◆ Task goal
Reproduce only the lines of the material below that start at the line containing "High-end Professional Dog" and stop at the line containing "Plakat Azjatycki styl". Keep both end lines.

◆ Material supplied
------
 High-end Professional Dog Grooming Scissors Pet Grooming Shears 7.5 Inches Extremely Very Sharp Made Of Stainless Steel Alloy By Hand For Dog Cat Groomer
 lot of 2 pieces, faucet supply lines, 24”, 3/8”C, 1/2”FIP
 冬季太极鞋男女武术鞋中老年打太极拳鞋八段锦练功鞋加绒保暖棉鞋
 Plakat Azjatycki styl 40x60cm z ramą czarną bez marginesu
------
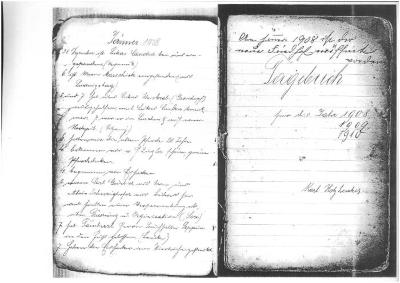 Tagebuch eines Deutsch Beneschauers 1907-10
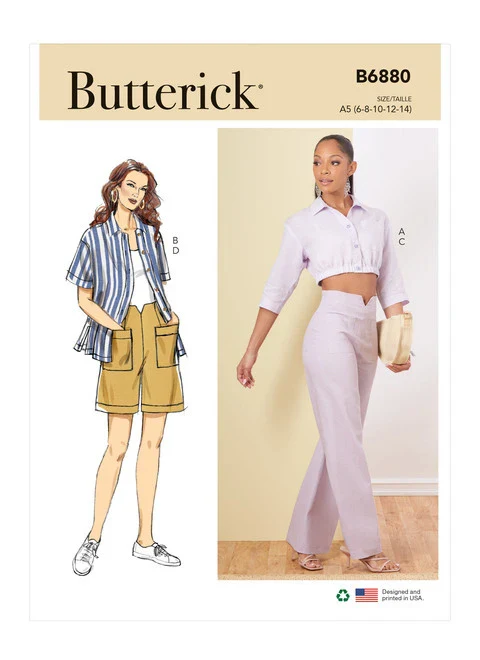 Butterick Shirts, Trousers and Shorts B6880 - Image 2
------
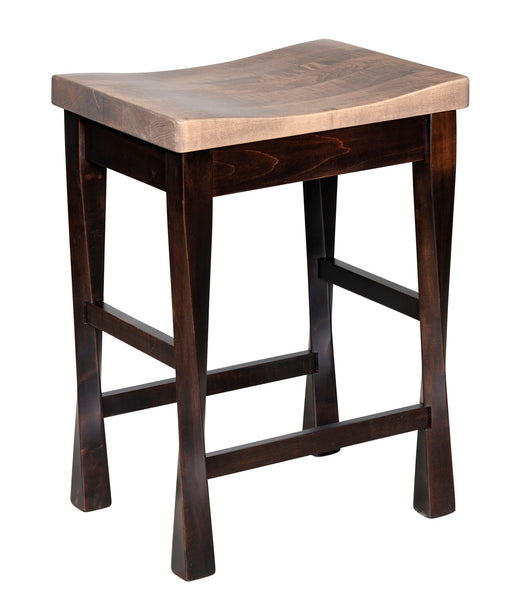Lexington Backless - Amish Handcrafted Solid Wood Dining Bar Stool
------
◆ Response for this exercise
 High-end Professional Dog Grooming Scissors Pet Grooming Shears 7.5 Inches Extremely Very Sharp Made Of Stainless Steel Alloy By Hand For Dog Cat Groomer
 lot of 2 pieces, faucet supply lines, 24”, 3/8”C, 1/2”FIP
 冬季太极鞋男女武术鞋中老年打太极拳鞋八段锦练功鞋加绒保暖棉鞋
 Plakat Azjatycki styl 40x60cm z ramą czarną bez marginesu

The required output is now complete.